» **About this exercise**: Transcribe all of the records, leaving out any pictures.

» **The data**:

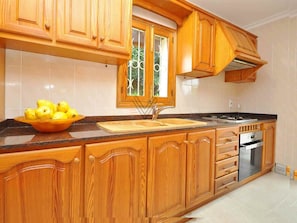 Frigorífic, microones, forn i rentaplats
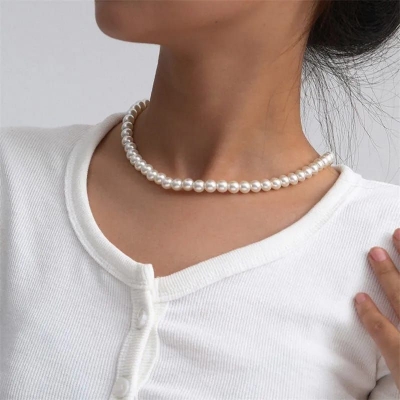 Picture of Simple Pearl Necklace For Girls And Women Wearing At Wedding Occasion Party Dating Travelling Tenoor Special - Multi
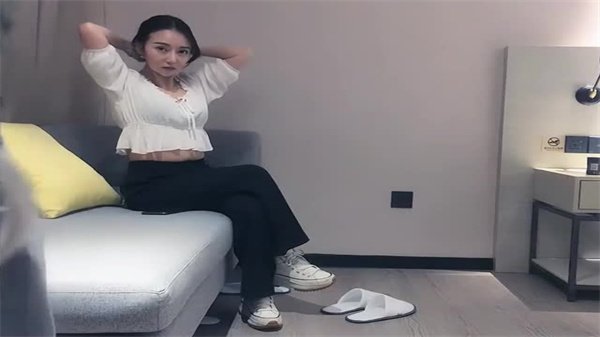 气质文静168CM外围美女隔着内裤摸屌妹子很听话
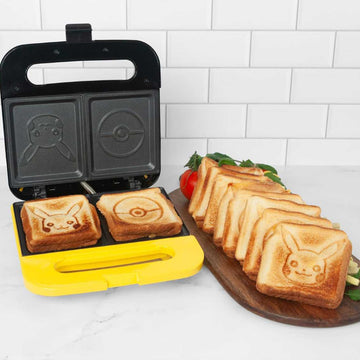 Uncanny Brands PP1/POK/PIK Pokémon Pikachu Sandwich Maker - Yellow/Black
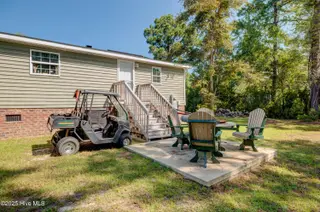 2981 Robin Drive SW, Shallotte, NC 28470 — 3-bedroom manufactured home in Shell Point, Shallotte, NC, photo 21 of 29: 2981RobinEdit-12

» **Exercise answer**:
 Frigorífic, microones, forn i rentaplats
 Picture of Simple Pearl Necklace For Girls And Women Wearing At Wedding Occasion Party Dating Travelling Tenoor Special - Multi
 气质文静168CM外围美女隔着内裤摸屌妹子很听话
 Uncanny Brands PP1/POK/PIK Pokémon Pikachu Sandwich Maker - Yellow/Black
 2981 Robin Drive SW, Shallotte, NC 28470 — 3-bedroom manufactured home in Shell Point, Shallotte, NC, photo 21 of 29: 2981RobinEdit-12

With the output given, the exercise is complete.